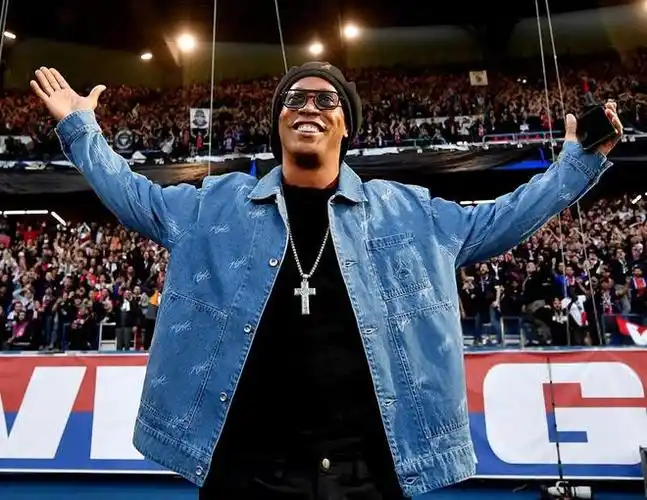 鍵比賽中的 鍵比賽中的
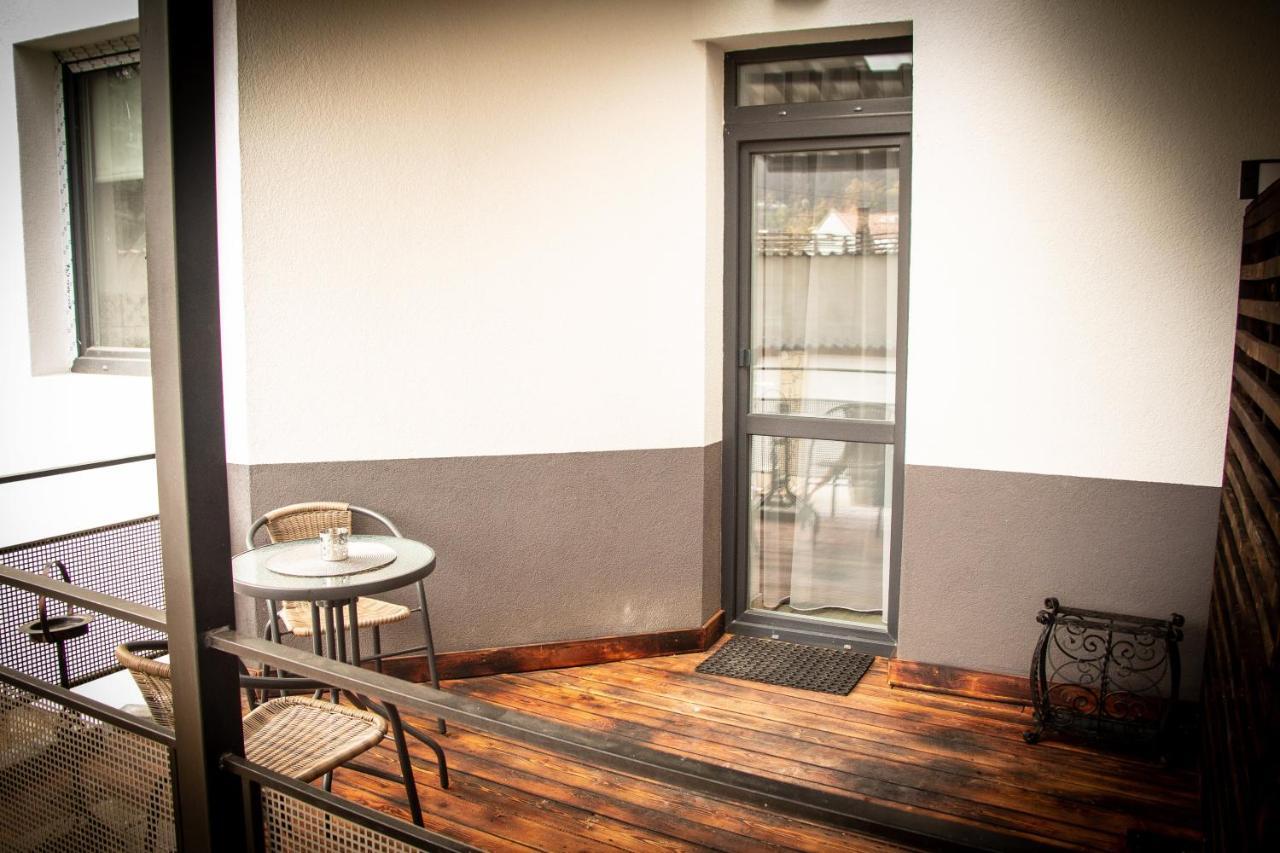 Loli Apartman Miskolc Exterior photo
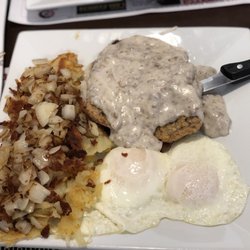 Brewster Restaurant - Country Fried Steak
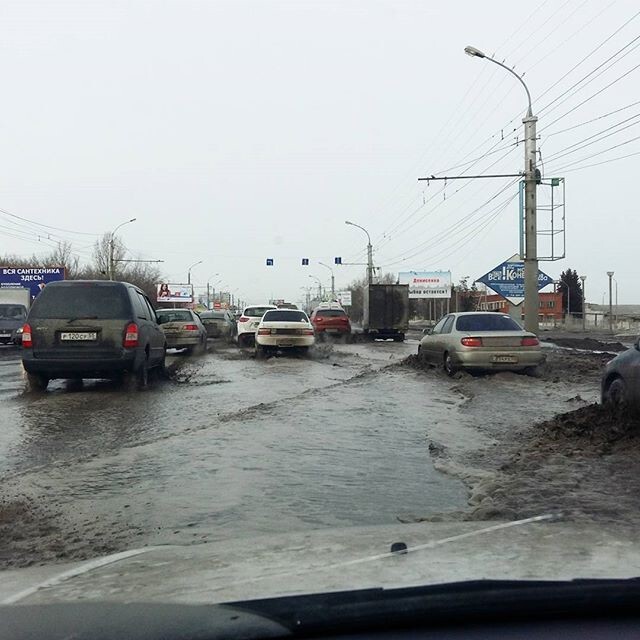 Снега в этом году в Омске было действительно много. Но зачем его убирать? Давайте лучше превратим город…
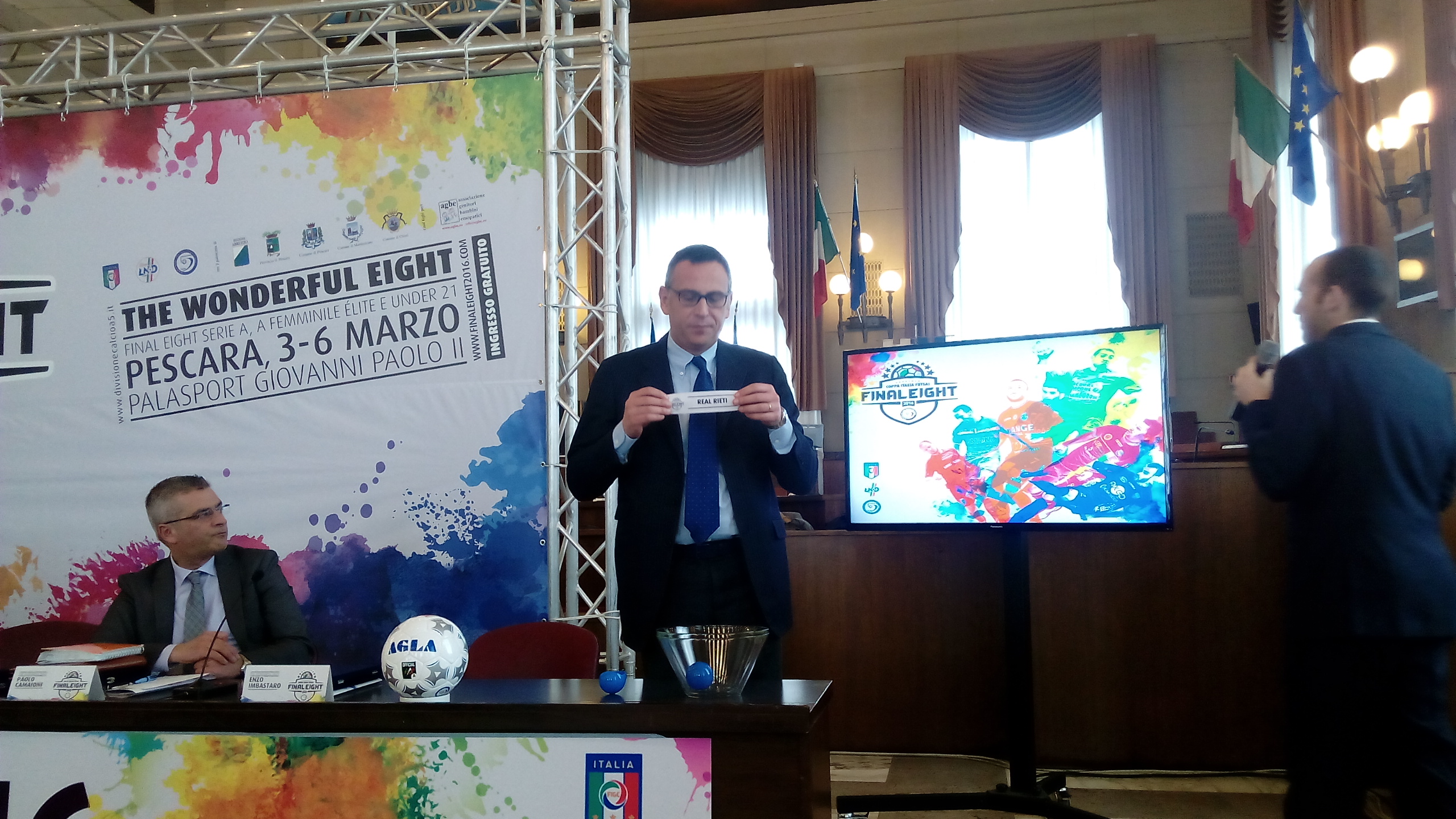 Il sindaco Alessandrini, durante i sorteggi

* * *

- **Activity**
Your task is to give again, unchanged, the lines from the line that contains "Brewster Restaurant - Country Fried Steak" to the end of the records. Include both end lines but no pictures.

- **Result of this exercise**
 Brewster Restaurant - Country Fried Steak
 Снега в этом году в Омске было действительно много. Но зачем его убирать? Давайте лучше превратим город…
 Il sindaco Alessandrini, durante i sorteggi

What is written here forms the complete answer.